▸ Dataset content:
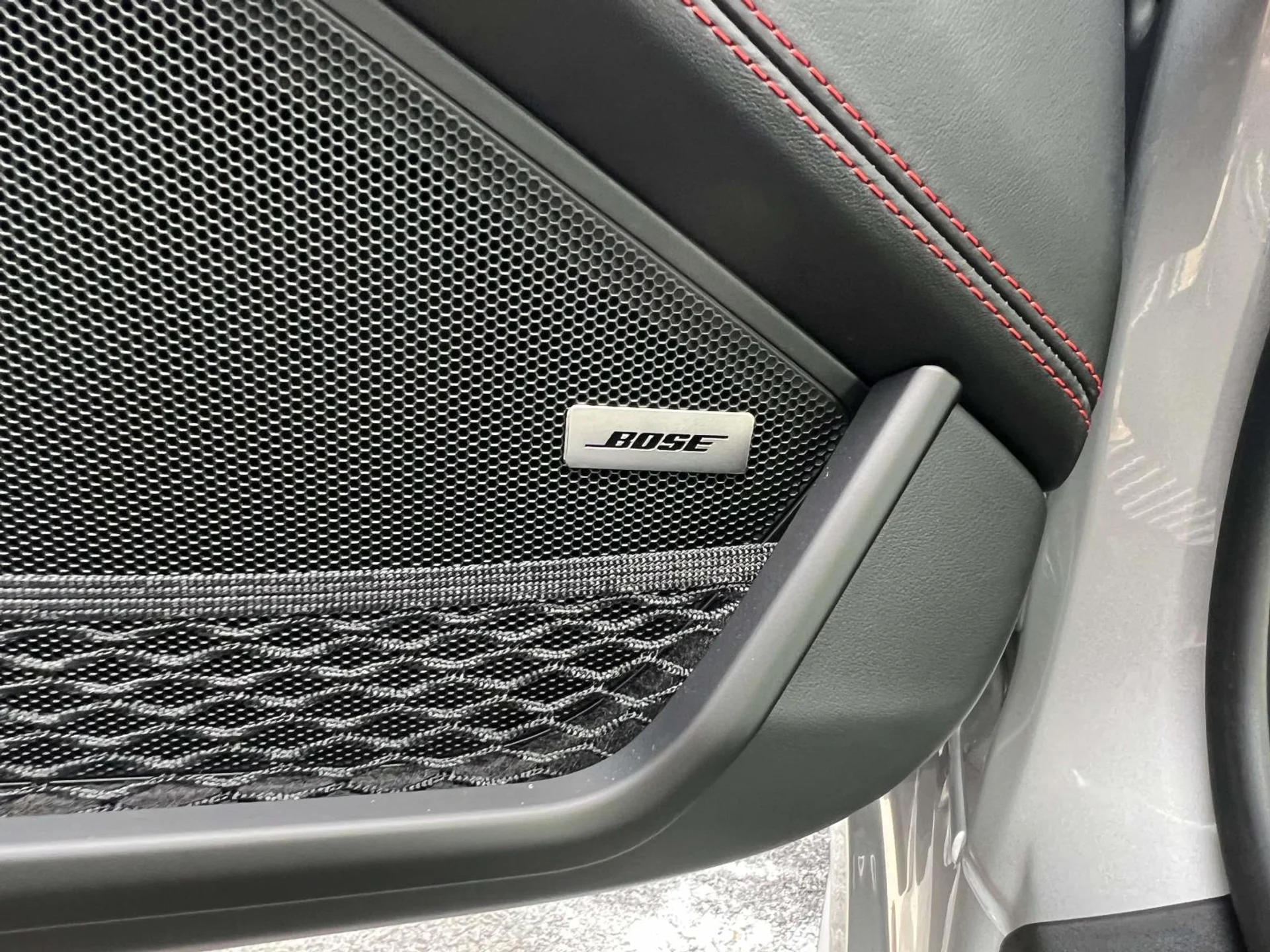 mph018_3822646911_530139dedc2adb223d62cf3e86b09bb8_6bb179d24b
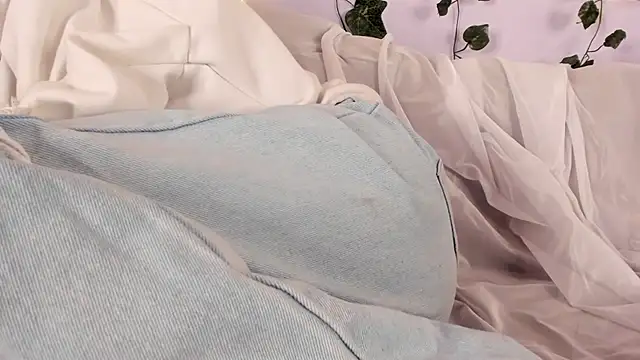 Natasha Nasty2 online show from 01-04-25, 09:32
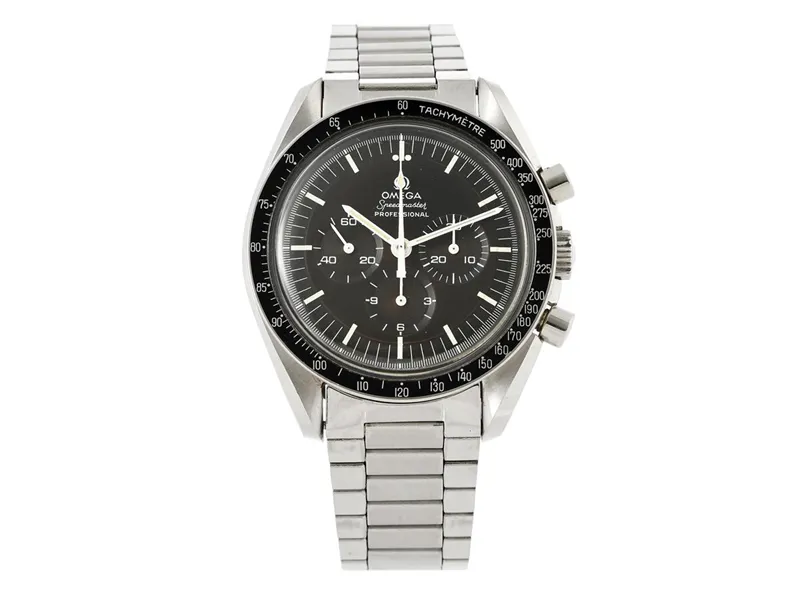 Omega Speedmaster Professional ST 145.022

▸ Task brief: Reproduce each line above exactly, but not a single picture.

▸ Response box:
 mph018_3822646911_530139dedc2adb223d62cf3e86b09bb8_6bb179d24b
 Natasha Nasty2 online show from 01-04-25, 09:32
 Omega Speedmaster Professional ST 145.022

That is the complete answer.